■ DATA SUPPLIED
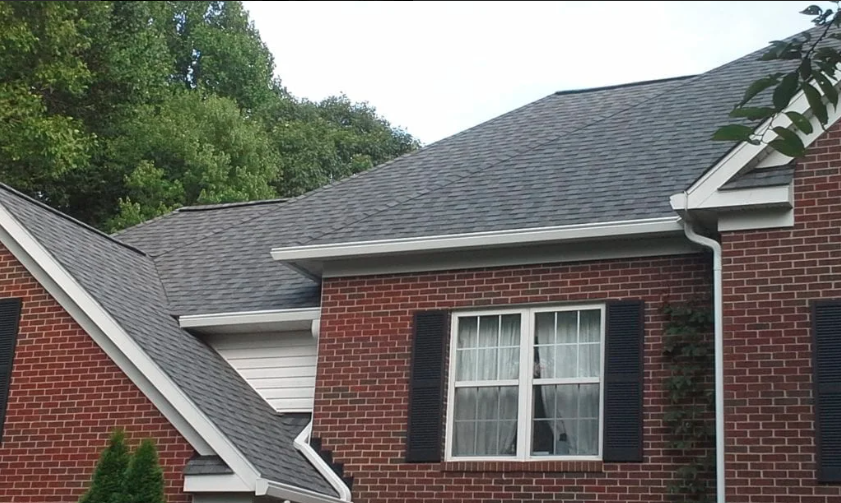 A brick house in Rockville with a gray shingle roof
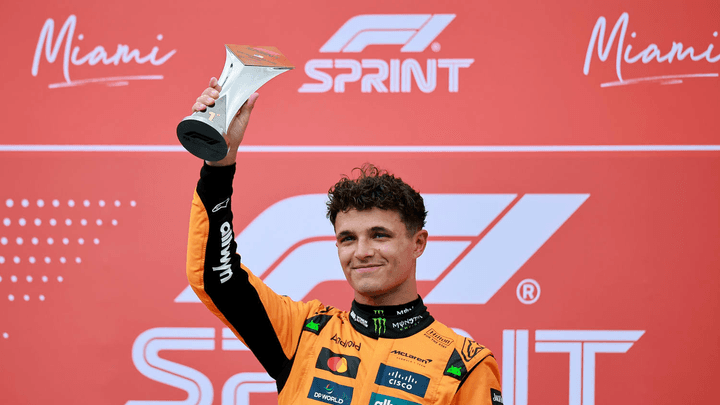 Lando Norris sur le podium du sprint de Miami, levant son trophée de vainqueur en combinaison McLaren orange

* * *

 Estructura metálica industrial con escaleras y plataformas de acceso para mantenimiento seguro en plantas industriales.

■ TASK DETAILS
Output exactly, and only, the lines of the entries above from the one with "A brick house" up to and including the one with "Lando Norris sur"; pictures are to be left out.

■ TASK RESULT
 A brick house in Rockville with a gray shingle roof
 Lando Norris sur le podium du sprint de Miami, levant son trophée de vainqueur en combinaison McLaren orange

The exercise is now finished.